What is being asked
From the listing below, copy only the lines from the line that contains "Patron, et, tutoriel, couche, poupon, Corolle, 36" to the line that contains "Claims Adjuster Resume", counting those two lines as part of the copy.

Data supplied
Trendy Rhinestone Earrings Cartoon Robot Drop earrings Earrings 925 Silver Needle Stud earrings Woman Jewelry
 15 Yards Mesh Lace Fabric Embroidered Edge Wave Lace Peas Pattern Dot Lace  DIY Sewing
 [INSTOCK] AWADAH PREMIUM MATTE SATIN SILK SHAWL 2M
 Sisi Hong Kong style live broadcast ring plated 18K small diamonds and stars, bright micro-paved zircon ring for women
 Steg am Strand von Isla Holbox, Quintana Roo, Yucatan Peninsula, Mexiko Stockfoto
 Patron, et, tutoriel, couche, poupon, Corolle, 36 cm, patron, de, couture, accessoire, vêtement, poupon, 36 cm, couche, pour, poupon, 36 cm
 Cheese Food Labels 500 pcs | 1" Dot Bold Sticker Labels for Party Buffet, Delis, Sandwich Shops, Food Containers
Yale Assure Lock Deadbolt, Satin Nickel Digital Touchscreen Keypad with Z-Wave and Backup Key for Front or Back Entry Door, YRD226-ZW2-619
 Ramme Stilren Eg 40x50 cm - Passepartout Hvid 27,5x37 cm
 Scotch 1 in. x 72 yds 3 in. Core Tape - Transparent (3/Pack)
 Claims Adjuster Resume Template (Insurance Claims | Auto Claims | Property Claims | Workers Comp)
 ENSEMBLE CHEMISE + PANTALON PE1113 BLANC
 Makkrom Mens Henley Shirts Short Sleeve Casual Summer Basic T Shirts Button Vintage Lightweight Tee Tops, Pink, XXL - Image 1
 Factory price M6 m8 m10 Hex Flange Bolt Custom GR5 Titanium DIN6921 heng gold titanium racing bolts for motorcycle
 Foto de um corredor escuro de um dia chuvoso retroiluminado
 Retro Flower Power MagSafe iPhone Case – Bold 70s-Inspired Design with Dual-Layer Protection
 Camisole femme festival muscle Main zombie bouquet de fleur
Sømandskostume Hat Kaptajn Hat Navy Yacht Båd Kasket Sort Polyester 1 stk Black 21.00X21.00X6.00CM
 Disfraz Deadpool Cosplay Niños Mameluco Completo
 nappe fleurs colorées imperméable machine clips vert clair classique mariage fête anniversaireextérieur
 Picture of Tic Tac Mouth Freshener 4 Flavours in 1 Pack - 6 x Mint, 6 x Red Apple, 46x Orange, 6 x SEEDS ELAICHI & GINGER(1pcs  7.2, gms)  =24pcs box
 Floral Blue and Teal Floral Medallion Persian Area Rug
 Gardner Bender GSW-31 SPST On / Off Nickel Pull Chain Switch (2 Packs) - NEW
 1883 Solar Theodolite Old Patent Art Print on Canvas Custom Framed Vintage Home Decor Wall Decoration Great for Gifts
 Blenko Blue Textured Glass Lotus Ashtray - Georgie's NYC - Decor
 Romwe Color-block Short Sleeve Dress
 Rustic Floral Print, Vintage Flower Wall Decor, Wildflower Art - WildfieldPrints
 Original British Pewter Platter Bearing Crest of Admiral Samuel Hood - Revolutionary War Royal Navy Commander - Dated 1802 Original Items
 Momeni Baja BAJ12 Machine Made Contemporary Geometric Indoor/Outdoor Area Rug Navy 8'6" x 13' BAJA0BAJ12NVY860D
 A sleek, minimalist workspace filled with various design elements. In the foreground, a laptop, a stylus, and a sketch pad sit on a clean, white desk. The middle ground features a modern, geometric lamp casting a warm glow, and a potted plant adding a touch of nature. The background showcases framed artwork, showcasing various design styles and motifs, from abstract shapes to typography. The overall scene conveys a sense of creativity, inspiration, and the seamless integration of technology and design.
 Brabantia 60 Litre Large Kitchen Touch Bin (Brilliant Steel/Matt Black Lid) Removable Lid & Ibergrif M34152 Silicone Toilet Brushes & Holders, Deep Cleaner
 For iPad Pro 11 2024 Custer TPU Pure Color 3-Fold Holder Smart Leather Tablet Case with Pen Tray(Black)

Output for this exercise
 Patron, et, tutoriel, couche, poupon, Corolle, 36 cm, patron, de, couture, accessoire, vêtement, poupon, 36 cm, couche, pour, poupon, 36 cm
 Cheese Food Labels 500 pcs | 1" Dot Bold Sticker Labels for Party Buffet, Delis, Sandwich Shops, Food Containers
Yale Assure Lock Deadbolt, Satin Nickel Digital Touchscreen Keypad with Z-Wave and Backup Key for Front or Back Entry Door, YRD226-ZW2-619
 Ramme Stilren Eg 40x50 cm - Passepartout Hvid 27,5x37 cm
 Scotch 1 in. x 72 yds 3 in. Core Tape - Transparent (3/Pack)
 Claims Adjuster Resume Template (Insurance Claims | Auto Claims | Property Claims | Workers Comp)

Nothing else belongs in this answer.